[Dataset excerpts Boundary: Start]
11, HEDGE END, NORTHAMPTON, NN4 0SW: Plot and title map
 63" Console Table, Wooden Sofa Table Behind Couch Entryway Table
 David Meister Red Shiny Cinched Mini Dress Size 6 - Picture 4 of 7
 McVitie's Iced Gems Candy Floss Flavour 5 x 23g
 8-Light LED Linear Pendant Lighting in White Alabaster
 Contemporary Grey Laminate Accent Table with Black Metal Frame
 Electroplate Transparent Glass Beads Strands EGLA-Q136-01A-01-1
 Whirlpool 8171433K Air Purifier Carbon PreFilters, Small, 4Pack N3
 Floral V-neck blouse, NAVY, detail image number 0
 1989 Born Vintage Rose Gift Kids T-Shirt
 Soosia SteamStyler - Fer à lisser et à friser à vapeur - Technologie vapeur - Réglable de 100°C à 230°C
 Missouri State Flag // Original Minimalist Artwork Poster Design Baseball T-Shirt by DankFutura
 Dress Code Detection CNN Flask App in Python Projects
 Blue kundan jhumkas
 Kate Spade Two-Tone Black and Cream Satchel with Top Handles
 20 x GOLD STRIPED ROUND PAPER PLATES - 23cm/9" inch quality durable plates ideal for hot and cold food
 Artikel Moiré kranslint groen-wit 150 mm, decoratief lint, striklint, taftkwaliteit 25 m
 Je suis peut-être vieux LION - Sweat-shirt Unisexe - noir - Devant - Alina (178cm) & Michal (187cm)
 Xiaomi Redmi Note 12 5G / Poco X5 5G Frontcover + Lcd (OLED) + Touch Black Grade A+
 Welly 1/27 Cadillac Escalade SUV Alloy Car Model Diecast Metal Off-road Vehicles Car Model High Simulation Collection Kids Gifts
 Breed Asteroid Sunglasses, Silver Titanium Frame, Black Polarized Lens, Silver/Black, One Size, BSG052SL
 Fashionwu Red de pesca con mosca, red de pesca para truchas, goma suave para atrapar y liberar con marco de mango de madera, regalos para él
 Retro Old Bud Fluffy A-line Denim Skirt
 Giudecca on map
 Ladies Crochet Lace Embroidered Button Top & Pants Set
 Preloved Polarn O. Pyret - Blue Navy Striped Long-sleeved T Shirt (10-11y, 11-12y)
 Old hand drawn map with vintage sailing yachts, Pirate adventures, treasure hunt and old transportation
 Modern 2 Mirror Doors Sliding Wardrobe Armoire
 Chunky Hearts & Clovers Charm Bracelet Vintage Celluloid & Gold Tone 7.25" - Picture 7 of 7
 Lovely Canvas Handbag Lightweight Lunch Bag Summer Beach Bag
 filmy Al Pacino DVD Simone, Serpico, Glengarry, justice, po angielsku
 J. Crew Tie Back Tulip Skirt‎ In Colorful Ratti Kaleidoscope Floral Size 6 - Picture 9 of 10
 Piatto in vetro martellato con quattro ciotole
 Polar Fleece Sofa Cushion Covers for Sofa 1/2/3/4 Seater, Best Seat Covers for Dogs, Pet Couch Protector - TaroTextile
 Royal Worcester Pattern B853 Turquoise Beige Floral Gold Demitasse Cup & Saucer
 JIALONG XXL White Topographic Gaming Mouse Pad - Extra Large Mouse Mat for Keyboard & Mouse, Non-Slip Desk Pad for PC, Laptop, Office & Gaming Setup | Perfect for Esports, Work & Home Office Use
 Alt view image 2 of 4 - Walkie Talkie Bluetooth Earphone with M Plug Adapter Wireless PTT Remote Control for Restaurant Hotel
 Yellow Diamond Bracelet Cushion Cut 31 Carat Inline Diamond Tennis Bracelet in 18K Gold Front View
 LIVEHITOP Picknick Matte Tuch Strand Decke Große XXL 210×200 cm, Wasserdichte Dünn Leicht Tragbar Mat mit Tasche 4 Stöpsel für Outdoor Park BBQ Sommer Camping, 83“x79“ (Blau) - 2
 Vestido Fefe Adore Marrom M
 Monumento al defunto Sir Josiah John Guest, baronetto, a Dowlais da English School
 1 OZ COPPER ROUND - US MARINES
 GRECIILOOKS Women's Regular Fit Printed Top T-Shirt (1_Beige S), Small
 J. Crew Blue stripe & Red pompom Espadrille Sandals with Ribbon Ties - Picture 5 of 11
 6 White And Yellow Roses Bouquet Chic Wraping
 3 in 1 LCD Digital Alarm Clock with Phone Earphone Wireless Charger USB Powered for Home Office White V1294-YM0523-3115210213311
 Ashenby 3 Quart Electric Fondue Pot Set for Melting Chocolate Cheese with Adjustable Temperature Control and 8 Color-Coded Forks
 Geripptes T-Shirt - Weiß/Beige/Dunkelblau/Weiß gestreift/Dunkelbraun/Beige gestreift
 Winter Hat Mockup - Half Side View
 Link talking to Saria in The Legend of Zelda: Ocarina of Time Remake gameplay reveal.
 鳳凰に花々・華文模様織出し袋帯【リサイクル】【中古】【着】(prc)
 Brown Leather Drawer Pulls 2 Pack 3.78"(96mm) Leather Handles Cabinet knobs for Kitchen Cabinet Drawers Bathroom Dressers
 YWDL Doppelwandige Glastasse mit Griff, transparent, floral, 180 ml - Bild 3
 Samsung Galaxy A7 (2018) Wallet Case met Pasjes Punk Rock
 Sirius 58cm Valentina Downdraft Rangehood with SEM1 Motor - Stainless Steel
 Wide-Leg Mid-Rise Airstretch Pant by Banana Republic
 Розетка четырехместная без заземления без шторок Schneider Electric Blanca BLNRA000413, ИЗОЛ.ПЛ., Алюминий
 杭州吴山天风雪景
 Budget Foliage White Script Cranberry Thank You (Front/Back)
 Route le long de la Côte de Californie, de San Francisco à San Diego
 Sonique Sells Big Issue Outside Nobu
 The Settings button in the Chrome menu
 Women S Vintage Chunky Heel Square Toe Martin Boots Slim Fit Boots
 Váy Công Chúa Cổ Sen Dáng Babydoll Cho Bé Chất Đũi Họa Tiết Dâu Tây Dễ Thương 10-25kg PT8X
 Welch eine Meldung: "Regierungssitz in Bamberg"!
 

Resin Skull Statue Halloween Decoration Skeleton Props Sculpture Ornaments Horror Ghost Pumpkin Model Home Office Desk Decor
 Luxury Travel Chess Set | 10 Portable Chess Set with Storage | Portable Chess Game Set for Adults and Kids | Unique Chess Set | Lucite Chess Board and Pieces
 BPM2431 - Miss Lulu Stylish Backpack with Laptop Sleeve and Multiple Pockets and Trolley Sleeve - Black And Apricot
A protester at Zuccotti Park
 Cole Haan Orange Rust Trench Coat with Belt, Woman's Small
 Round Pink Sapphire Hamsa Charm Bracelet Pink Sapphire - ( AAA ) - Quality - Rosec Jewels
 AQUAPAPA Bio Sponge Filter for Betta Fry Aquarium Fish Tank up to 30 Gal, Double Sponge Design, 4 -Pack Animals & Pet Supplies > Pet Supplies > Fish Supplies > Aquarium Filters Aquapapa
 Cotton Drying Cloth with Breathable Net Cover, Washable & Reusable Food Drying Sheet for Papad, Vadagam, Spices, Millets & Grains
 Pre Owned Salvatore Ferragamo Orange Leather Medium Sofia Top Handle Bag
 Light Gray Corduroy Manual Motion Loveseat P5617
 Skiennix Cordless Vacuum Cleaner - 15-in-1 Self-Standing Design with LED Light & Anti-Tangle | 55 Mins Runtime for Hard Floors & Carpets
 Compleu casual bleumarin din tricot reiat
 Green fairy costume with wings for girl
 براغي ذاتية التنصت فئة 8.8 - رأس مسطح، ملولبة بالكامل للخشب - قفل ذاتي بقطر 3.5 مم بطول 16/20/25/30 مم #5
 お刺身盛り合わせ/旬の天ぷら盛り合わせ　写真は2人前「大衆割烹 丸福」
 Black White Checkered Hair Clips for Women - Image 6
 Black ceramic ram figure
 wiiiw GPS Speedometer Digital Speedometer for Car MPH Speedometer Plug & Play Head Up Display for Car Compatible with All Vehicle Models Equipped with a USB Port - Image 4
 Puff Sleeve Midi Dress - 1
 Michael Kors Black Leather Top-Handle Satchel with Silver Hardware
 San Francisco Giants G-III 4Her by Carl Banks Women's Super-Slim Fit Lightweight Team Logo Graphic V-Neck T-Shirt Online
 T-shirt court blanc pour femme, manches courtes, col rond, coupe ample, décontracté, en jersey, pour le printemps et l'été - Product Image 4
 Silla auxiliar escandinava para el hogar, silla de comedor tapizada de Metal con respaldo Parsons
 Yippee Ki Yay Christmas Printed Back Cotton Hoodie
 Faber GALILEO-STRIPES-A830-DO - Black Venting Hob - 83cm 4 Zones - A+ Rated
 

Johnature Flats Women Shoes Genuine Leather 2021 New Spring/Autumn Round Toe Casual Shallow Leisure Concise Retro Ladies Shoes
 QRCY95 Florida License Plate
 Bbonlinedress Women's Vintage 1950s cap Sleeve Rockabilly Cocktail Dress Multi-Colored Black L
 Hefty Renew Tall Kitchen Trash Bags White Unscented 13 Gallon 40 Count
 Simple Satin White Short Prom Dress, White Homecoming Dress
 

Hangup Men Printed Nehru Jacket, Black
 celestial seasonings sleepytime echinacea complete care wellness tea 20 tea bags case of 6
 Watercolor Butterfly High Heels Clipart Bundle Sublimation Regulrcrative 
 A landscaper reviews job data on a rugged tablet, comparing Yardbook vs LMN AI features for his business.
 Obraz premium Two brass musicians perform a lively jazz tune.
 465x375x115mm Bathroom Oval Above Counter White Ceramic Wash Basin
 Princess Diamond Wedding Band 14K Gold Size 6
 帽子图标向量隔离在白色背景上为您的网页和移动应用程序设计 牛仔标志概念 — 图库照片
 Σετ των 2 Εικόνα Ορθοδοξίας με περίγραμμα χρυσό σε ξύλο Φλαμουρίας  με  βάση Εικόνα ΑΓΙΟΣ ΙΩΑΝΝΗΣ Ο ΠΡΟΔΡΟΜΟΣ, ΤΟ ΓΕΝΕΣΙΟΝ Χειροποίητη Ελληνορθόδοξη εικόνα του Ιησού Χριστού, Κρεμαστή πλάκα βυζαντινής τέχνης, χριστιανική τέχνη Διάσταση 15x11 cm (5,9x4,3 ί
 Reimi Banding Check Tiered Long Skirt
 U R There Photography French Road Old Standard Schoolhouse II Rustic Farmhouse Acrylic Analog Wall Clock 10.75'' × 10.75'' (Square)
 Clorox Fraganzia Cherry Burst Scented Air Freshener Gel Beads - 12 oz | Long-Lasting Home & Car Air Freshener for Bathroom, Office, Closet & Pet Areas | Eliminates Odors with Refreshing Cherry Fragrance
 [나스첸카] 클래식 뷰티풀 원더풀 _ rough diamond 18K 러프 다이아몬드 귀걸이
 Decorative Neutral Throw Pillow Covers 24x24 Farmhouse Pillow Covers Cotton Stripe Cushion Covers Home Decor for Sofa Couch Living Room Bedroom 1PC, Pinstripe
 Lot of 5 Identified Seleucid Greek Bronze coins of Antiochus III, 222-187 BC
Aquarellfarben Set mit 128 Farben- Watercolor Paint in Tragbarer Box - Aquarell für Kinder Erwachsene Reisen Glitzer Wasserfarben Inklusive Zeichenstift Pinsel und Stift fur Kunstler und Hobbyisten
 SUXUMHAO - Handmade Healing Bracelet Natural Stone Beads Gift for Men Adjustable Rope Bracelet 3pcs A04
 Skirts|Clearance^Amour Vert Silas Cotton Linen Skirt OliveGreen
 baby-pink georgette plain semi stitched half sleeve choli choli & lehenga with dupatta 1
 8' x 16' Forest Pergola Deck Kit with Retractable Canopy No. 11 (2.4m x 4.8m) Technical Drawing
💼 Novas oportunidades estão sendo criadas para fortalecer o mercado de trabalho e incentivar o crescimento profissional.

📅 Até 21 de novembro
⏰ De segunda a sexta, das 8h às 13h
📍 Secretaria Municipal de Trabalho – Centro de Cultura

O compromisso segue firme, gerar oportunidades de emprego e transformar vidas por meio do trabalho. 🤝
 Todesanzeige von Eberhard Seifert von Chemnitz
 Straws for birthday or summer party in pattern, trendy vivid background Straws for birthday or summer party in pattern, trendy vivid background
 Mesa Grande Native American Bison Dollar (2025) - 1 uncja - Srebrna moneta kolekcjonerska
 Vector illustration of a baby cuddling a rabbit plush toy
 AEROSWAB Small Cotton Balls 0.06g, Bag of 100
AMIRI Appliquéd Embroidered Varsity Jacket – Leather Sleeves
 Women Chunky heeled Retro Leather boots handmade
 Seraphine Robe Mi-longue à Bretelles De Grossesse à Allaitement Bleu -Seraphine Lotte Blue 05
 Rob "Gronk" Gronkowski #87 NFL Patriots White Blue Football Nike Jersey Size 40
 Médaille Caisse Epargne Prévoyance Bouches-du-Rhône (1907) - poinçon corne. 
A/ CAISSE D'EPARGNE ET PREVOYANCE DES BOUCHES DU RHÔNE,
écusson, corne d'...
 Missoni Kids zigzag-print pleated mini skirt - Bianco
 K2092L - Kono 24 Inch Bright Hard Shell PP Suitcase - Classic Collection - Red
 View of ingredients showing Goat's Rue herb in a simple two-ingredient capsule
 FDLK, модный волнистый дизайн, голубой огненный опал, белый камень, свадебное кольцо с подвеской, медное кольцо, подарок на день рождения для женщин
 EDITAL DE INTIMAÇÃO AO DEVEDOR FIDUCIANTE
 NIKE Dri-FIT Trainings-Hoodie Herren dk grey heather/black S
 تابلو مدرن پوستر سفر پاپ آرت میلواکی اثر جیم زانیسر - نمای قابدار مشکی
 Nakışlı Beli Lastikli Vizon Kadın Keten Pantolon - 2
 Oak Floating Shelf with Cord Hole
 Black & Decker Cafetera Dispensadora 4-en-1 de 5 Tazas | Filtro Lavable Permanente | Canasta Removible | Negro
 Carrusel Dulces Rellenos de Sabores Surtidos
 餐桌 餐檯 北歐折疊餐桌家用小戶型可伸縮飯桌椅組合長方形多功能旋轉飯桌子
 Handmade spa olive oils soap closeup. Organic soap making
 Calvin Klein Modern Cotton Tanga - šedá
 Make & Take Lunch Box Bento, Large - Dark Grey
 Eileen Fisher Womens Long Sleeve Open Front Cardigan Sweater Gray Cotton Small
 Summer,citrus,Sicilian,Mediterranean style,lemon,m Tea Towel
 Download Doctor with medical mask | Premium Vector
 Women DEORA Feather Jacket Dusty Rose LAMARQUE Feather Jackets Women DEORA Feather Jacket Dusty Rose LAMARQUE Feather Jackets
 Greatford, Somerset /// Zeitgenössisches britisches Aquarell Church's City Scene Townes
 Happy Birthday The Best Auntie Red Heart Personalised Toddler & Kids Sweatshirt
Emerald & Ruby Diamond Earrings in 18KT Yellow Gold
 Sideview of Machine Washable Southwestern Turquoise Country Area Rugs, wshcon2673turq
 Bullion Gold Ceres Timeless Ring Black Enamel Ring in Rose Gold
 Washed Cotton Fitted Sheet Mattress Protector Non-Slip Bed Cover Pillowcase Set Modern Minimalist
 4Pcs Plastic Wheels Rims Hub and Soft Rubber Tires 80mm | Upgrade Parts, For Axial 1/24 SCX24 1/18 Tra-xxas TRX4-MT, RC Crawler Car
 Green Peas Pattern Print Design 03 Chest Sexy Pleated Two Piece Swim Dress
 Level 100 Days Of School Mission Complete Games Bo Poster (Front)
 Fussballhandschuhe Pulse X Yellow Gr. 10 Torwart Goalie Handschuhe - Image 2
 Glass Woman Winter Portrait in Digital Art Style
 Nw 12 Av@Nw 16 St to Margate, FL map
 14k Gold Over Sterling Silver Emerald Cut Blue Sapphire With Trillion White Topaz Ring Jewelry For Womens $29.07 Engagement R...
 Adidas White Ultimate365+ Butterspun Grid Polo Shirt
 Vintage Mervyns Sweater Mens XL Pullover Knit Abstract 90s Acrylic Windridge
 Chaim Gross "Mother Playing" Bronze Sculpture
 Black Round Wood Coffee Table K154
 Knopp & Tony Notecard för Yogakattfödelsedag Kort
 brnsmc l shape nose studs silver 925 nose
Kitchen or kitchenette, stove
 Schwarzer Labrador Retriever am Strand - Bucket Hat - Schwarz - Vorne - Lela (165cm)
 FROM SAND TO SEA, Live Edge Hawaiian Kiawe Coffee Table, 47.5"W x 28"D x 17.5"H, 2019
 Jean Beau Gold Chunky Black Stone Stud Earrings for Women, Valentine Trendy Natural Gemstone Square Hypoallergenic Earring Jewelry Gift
[Dataset excerpts Boundary: End]
What is needed >> Please give back exactly the lines of this listing beginning at the line with "Make & Take" and ending with the line with "Schwarzer Labrador Retriever", both included, and nothing else.

Output >>
 Make & Take Lunch Box Bento, Large - Dark Grey
 Eileen Fisher Womens Long Sleeve Open Front Cardigan Sweater Gray Cotton Small
 Summer,citrus,Sicilian,Mediterranean style,lemon,m Tea Towel
 Download Doctor with medical mask | Premium Vector
 Women DEORA Feather Jacket Dusty Rose LAMARQUE Feather Jackets Women DEORA Feather Jacket Dusty Rose LAMARQUE Feather Jackets
 Greatford, Somerset /// Zeitgenössisches britisches Aquarell Church's City Scene Townes
 Happy Birthday The Best Auntie Red Heart Personalised Toddler & Kids Sweatshirt
Emerald & Ruby Diamond Earrings in 18KT Yellow Gold
 Sideview of Machine Washable Southwestern Turquoise Country Area Rugs, wshcon2673turq
 Bullion Gold Ceres Timeless Ring Black Enamel Ring in Rose Gold
 Washed Cotton Fitted Sheet Mattress Protector Non-Slip Bed Cover Pillowcase Set Modern Minimalist
 4Pcs Plastic Wheels Rims Hub and Soft Rubber Tires 80mm | Upgrade Parts, For Axial 1/24 SCX24 1/18 Tra-xxas TRX4-MT, RC Crawler Car
 Green Peas Pattern Print Design 03 Chest Sexy Pleated Two Piece Swim Dress
 Level 100 Days Of School Mission Complete Games Bo Poster (Front)
 Fussballhandschuhe Pulse X Yellow Gr. 10 Torwart Goalie Handschuhe - Image 2
 Glass Woman Winter Portrait in Digital Art Style
 Nw 12 Av@Nw 16 St to Margate, FL map
 14k Gold Over Sterling Silver Emerald Cut Blue Sapphire With Trillion White Topaz Ring Jewelry For Womens $29.07 Engagement R...
 Adidas White Ultimate365+ Butterspun Grid Polo Shirt
 Vintage Mervyns Sweater Mens XL Pullover Knit Abstract 90s Acrylic Windridge
 Chaim Gross "Mother Playing" Bronze Sculpture
 Black Round Wood Coffee Table K154
 Knopp & Tony Notecard för Yogakattfödelsedag Kort
 brnsmc l shape nose studs silver 925 nose
Kitchen or kitchenette, stove
 Schwarzer Labrador Retriever am Strand - Bucket Hat - Schwarz - Vorne - Lela (165cm)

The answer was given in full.